E, di nuovo, perché? Facile: perché il fatto che, in una pellicola che pretende di raccontare e racconta la storia di una quindicenne alle prese con un amore malato, il personaggio più approfondito e “meglio scritto”, se non proprio il vero protagonista, è viceversa il padre, di cui, ad una certa, si abbraccia, legittima e spettacolarizza a livello drammaturgico (questo proprio involontariamente) lo sfregio all’onore e la vergogna di uomo (e lo si capisce già dal trailer), è quanto di più anacronistico, sbagliato ed imbarazzante. Sia per un testo che condanna proprio questo tipo di maschilismo tossico, sia in un mondo di progressiva decostruzione delle istanze machiste e patriarcali e di superamento di un'oggettificazione femminile che - per come viene ripresa Mia, uno dei significati di cui viene incaricato il titolo stesso, oppure ancora uno scambio di battute brillante come "lei è mia, non è più tua" - questo film non supera, anzi rianima in toto.

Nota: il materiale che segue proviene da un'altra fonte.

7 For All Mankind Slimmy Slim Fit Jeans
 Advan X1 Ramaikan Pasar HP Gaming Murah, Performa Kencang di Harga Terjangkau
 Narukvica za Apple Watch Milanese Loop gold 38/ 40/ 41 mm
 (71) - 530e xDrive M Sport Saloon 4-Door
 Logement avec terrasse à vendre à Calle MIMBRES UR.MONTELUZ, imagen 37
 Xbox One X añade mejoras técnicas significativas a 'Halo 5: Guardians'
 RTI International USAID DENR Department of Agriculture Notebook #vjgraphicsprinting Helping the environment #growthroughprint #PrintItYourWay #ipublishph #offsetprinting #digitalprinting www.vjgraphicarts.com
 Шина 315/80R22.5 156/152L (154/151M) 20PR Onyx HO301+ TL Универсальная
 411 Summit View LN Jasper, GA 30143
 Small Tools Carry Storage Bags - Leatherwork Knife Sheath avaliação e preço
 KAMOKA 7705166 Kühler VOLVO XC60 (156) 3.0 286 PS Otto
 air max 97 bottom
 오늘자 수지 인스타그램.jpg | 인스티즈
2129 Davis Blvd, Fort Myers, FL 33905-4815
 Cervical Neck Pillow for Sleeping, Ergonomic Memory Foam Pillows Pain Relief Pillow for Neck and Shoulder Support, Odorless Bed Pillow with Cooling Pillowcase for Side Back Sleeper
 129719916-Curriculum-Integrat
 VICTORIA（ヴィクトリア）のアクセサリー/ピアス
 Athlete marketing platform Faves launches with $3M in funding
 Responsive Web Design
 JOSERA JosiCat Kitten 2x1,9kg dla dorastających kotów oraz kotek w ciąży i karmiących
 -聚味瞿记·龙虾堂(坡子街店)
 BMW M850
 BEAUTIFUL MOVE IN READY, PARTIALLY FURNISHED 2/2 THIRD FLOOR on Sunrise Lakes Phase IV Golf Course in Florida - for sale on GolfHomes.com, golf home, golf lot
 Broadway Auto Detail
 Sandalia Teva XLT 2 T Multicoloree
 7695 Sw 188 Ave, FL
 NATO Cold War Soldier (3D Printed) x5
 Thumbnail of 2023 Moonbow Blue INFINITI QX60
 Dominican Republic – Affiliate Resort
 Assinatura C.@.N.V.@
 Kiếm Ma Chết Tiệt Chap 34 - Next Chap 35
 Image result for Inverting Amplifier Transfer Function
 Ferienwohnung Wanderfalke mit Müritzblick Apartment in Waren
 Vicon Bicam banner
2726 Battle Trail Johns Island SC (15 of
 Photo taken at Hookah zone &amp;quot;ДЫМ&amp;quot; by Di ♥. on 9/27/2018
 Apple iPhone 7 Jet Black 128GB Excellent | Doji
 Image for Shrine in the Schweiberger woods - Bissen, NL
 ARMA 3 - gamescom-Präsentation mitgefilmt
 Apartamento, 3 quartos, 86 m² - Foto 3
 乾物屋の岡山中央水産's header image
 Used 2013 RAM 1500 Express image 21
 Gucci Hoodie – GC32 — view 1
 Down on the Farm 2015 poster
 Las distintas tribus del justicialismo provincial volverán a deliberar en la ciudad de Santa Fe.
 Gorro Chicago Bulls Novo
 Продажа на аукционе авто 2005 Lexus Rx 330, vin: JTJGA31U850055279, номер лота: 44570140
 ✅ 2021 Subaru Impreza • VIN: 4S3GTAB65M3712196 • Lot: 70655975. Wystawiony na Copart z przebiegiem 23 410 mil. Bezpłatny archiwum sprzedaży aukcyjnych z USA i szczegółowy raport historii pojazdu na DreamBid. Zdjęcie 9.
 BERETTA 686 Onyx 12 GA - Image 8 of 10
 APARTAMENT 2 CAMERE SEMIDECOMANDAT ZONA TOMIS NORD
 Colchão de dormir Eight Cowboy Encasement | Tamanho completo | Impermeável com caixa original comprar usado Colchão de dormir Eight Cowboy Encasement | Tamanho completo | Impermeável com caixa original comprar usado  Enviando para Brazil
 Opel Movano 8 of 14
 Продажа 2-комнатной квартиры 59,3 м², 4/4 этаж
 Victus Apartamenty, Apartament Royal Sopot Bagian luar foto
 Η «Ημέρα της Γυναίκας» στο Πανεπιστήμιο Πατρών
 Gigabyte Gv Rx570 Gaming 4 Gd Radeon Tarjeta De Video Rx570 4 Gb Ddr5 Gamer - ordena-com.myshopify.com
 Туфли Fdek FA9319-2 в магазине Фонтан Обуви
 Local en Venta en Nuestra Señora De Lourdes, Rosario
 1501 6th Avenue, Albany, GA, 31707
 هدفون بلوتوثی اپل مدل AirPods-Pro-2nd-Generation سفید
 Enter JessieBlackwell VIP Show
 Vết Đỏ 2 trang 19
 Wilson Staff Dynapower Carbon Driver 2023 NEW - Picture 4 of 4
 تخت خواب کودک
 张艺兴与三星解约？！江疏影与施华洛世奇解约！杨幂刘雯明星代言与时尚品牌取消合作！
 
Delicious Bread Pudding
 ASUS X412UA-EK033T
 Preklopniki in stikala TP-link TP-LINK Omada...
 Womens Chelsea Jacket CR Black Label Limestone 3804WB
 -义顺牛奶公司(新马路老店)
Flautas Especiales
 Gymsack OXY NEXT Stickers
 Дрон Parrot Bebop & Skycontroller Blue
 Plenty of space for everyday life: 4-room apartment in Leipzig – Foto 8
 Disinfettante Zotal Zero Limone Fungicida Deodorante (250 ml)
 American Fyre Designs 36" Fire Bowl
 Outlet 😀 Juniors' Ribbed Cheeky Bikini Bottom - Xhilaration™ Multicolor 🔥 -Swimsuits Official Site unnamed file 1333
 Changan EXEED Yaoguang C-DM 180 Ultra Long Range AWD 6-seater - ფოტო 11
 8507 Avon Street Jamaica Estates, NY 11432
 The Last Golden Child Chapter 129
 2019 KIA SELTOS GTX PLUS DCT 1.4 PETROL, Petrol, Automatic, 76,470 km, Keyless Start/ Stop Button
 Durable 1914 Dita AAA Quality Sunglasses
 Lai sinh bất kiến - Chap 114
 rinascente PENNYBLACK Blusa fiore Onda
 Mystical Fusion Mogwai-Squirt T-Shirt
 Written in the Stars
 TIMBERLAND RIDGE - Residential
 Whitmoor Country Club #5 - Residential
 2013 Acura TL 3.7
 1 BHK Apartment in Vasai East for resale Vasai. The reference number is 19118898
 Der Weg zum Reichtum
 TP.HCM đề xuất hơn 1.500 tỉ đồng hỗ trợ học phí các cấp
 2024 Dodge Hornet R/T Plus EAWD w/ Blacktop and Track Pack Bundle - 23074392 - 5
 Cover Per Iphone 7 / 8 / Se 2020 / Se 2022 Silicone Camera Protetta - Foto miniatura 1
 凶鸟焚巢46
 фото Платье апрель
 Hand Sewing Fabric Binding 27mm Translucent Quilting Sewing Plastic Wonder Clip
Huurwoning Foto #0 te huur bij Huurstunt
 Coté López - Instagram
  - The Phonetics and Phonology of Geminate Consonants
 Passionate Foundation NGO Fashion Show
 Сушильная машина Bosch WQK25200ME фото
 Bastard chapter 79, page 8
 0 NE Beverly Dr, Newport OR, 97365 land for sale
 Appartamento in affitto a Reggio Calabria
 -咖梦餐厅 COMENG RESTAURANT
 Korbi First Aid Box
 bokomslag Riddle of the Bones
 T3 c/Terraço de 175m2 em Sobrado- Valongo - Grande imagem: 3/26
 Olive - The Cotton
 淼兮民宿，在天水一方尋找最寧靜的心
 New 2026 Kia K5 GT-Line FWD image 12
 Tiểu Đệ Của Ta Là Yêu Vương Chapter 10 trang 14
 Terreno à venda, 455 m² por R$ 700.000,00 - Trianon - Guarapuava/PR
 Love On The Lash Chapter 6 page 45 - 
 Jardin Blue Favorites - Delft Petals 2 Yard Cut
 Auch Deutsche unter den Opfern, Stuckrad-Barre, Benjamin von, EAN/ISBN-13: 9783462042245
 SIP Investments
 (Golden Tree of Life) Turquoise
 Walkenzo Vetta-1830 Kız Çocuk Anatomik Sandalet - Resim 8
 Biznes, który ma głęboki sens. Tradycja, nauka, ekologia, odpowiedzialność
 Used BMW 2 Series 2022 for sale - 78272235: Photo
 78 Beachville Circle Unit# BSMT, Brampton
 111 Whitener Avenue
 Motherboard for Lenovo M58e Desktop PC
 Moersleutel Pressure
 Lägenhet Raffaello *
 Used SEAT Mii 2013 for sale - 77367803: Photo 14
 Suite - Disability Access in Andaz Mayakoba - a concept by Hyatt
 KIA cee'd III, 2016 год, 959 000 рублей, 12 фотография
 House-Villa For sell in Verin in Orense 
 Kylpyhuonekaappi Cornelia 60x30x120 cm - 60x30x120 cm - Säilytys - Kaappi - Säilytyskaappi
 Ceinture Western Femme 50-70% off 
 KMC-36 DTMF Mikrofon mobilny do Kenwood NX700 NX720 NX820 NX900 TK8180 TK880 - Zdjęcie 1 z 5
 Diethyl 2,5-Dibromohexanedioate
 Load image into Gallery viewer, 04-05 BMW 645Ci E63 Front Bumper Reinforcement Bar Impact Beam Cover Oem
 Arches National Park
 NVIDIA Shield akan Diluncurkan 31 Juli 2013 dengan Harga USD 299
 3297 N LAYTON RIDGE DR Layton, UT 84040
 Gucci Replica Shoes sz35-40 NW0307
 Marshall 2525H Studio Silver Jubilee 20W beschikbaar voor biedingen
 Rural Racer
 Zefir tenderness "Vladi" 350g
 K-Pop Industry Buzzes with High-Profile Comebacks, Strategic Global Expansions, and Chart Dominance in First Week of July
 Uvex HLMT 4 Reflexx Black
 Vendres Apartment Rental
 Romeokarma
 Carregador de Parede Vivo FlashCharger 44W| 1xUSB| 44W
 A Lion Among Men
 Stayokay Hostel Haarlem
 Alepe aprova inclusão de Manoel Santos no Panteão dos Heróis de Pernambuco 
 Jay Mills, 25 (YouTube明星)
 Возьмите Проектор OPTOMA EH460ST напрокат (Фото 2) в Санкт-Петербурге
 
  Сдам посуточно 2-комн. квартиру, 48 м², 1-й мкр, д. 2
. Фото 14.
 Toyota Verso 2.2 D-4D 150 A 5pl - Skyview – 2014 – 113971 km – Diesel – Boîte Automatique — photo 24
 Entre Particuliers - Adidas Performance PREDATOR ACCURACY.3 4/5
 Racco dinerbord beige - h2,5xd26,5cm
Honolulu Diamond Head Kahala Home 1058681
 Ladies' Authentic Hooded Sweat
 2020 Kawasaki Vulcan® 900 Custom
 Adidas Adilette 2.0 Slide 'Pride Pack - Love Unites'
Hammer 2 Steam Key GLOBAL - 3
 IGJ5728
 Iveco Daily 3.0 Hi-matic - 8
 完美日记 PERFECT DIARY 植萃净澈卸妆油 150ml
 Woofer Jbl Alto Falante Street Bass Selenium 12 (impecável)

Laddove, con un soggetto del genere, un qualsiasi regista d'oltralpe o statunitense si sarebbe calato, nel bene o nel male, con delicatezza o, viceversa, con tutti gli eccessi riprovevoli del caso, nell’intimità e nella complessità della ragazza, della sua condizione esistenziale e del suo dolore, qui, nel Bel Paese, siamo ancora fermi al film a tesi o, peggio, agli spot ministeriali ed istituzionali della polizia di stato o della polizia postale, con una scrittura e rappresentazione assolutamente manichea del colpevole (con tanto di cappuccio nero a rendere ancora più chiara e didascalica la cosa), e tutto ciò che di più semplice, retorico, enfatico, affettato, sguaiato e, appunto, sbagliato abbia da offrire la peggior tradizione del dramma all’italiana.
Mia è insomma è un film che non ha né l’intelligenza, né tantomeno la delicatezza per poter essere qualcosa di più, e di meglio, di semplice, sensazionalistica, talora abietta e quasi oscena TV (altro che cinema) del dolore.